A Conferência das Partes sobre o clima, o mais alto organismo de decisão sobre o tema, são de suma importância para os acordos e implementação de ações que possam garantir o equilíbrio do clima e, consequentemente, a vida humana e de todos os seres criados. Sabemos que as várias Conferências têm gerado avanços, mas sofrem também retrocessos. É lamentável que “os acordos tiveram um baixo nível de implementação, porque não se estabeleceram adequados mecanismos de controle, revisão periódica e sanção das violações. Os princípios enunciados continuam a requerer caminhos eficazes e ágeis de realização prática” (LS, nº 167 e LD, nº 51).

É preciso que a COP de Belém consiga chegar a um resultado de implementação referente à mitigação, adaptação, reparação histórica de perdas e danos referentes ao cuidado com os ecossistemas, e consequentemente com o clima. Que promova financiamento climático com critérios que realmente atendam e estejam voltados e gestados pela participação dos povos. Que considere as Contribuições Nacionalmente Determinadas (NDCs) próprias dos povos e leve a um compromisso concreto na eliminação do uso de combustíveis fósseis.  Com nossa participação na Cúpula dos Povos e em várias atividades relacionadas à COP 30, queremos unir esforços para que os países possam avançar na consolidação das metas e prazos para a mitigação, adaptação e aplicação do financiamento climático voltado à reparação e às perdas e danos, como também que ele seja aplicado, implementado e gestado pelas comunidades e povos.
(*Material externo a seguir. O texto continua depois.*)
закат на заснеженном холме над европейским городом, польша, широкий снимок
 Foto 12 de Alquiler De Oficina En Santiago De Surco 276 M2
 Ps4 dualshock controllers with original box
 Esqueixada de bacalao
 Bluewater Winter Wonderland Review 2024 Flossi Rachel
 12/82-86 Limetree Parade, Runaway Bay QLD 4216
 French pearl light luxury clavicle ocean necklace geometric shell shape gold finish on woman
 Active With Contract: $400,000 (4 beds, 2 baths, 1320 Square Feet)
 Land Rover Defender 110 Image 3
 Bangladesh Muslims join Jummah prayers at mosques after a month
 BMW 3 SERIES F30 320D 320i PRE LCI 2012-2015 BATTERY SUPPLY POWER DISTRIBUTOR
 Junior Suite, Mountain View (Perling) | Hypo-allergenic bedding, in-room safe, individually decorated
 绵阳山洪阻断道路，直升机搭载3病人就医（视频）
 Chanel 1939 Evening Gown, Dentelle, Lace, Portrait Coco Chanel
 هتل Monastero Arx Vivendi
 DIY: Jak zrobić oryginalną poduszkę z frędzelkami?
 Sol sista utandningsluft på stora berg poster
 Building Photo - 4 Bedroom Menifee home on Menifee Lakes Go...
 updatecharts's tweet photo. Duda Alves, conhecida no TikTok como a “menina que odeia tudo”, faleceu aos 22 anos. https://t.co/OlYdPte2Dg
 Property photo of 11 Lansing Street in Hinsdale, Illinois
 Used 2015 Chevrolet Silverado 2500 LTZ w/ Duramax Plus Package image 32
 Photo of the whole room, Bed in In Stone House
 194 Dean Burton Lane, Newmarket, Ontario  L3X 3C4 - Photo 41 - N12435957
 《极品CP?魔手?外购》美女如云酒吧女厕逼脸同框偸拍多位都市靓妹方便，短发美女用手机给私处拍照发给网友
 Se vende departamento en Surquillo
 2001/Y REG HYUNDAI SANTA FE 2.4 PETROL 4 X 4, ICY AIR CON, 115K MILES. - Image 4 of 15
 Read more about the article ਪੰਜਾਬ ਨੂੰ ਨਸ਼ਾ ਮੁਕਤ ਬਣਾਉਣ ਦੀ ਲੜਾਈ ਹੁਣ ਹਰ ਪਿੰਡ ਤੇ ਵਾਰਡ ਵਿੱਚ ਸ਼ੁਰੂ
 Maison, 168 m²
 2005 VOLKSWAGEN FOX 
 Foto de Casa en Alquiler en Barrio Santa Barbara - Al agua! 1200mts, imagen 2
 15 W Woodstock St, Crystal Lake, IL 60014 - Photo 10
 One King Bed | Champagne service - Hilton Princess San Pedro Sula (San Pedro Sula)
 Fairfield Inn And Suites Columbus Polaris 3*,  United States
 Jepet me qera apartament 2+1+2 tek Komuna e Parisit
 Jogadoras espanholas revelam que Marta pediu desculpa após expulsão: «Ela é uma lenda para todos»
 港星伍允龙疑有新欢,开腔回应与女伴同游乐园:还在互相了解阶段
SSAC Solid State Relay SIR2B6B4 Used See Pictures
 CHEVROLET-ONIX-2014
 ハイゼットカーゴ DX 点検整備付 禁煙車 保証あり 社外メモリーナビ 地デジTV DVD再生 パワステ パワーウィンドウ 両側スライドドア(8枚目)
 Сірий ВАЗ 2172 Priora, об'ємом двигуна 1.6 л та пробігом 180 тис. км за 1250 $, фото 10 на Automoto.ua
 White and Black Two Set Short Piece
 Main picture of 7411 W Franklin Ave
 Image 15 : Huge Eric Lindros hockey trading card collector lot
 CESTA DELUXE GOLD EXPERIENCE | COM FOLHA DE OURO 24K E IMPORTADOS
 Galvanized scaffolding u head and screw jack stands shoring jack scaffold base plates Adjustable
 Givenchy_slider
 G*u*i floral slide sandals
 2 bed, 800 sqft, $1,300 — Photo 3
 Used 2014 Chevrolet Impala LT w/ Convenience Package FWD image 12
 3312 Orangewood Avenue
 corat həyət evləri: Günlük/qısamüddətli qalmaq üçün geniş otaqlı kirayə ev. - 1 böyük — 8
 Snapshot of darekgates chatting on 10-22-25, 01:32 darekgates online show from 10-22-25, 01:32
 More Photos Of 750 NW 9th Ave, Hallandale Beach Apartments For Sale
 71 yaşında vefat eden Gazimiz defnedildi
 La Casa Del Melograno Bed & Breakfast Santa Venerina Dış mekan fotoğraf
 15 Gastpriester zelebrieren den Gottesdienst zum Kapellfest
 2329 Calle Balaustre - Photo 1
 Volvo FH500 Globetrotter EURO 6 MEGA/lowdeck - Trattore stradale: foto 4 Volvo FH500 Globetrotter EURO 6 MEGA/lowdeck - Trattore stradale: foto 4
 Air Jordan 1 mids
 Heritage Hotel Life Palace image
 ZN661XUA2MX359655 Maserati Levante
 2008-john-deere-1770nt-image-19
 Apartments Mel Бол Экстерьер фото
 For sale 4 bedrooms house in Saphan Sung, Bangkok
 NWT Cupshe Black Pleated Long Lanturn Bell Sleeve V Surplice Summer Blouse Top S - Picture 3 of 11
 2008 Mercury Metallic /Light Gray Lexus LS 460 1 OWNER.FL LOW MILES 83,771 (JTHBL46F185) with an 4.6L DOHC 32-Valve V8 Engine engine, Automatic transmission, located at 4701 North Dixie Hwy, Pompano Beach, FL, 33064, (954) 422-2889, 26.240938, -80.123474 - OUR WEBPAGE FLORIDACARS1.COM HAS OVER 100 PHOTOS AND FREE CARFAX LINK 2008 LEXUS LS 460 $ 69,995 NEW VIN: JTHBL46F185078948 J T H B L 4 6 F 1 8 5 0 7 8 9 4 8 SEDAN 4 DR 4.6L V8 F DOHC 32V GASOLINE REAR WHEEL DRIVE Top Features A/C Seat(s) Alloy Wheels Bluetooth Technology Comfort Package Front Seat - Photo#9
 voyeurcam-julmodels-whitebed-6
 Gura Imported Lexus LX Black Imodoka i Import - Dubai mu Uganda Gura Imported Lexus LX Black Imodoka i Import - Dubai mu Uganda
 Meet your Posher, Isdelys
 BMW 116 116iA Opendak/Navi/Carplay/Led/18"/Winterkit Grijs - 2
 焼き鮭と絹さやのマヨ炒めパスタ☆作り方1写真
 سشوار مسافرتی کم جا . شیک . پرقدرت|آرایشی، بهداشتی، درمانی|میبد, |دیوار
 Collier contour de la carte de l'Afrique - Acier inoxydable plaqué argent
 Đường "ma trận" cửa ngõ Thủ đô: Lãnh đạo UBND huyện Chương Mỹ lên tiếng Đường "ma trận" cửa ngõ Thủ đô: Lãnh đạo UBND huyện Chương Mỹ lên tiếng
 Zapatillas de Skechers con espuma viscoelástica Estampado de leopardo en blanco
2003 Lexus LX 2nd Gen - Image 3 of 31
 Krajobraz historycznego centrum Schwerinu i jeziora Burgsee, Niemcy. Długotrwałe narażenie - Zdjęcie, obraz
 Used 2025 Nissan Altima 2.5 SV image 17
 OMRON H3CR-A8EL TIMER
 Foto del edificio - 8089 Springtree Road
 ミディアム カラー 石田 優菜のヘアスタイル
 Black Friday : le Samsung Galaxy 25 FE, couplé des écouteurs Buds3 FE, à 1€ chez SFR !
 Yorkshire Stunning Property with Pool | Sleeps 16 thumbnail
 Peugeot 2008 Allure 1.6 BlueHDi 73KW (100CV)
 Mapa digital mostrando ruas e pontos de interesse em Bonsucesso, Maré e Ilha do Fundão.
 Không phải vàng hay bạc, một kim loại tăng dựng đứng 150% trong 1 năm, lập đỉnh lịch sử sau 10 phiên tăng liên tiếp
Há temas importantes que merecem ser destacados, reafirmados e materializados em ações concretas. Lembro alguns desses temas:

  • avaliação e implementação das orientações do acordo de Paris (2015).
  • efetivação do fundo climático mundial para garantir que os países mais pobres sejam subsidiados no seu processo de adaptação e mitigação climática.
  • avanço na transição energética justa, para que os países definam metas concretas de redução das fontes de combustível fósseis e o desenvolvimento de novas fontes energéticas limpas e renováveis. Este tema toca diretamente a Amazônia, pois há diversos casos de grandes impactos socioambientais causados pela exploração petroleira e mineira na região.
  • combate ao desmatamento e cuidado dos mananciais, mediante o cuidado das florestas tropicais, com a proposta do “desmatamento zero’. Intrinsecamente ligado ao tema da floresta está a urgência do cuidado com as fontes hídricas.
  • O reconhecimento dos povos indígenas, povos e comunidades tradicionais e mulheres, a fim de que os guardiães ambientais sejam reconhecidos e protegidos como Defensores de Direitos Humanos e Ativistas Ambientais.

Para além da tomada de novas decisões, a COP amazônica poderá insistir na metodologia e nos processos de implementação das decisões tomadas nesta e nas diferentes Conferências. É urgente criar mapas mais claros de aplicabilidade das decisões. Se formos omissos hoje, “aqueles que hão de sofrer as consequências, que tentamos dissimular, recordarão esta falta de consciência e de responsabilidade” (LS, nº 169 e LD nº 51).  Atuar e participar das formas possíveis e democráticas na Conferência das Partes, mesmo que possamos festejar o encontro, a fraternidade, a cultura e a interlocução, mais importante é nos desafiarmos e desafiar a quem comanda as decisões políticas e financeiras a agir com decisão para garantir a nossa existência na ótica do bem-viver. Isso vai exigir de todos os habitantes do Planeta um estilo de vida mais simples, menos consumista, mais igualitário e de muito cuidado com o ambiente no qual vivemos, e no qual muitas outras pessoas ainda precisarão habitar.